Best Selection 2010 is the first Japanese greatest hits album from South Korean pop group Tohoshinki, released in Japan on February 17, 2010, by Rhythm Zone. It contains songs from their albums Heart, Mind and Soul (2006), Five in the Black (2007), T (2008) and The Secret Code (2009). It also features four new singles, two of which are certified platinum by the Recording Industry Association of Japan (RIAJ). Best Selection 2010 is the final album release by the group with its original five-member lineup.
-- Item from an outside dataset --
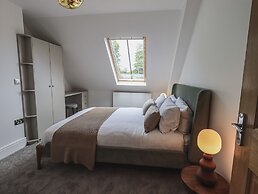 The Mabel Suite Stone Cross Mansion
Three editions of the album were available: a 2-CD+DVD version, a CD+DVD version, and a CD only version. Best Selection 2010 was the group's first album to reach number one on the Oricon Albums Chart, and is the first album by a foreign band to have first-week sales of 400,000 copies in Japan. Best Selection 2010 was certified 2× Platinum by the RIAJ and is the best-selling album of Tohoshinki's career. It is also the best-selling greatest hits album by a foreign artist in Japan.

==Chart performance==
Best Selection 2010 debuted at number-one on the Oricon Daily Album Chart, selling over 228,000 copies on the first day. The album maintained its position atop the Daily Chart for seven consecutive days and ranked at number one on the Oricon Weekly Album Chart with an accumulated 412,861 copies sold by the end of its first week, overtaking the Backstreet Boys and Bon Jovi, who held the number one and number two positions on the chart respectively prior to Best Selection 2010s release. With this, Best Selection 2010 became the group's first number one album in Japan. They broke a 14-year record for the highest first-week sales by a foreign group in the country, formerly set by American rock band Bon Jovi's sixth studio album These Days with 379,000 copies sold. Tohoshinki's record was broken 10 years later, in 2020, by fellow South Korean group BTS, who sold over 564,000 copies of their third Japanese studio album Map of the Soul: 7 – The Journey in its first week.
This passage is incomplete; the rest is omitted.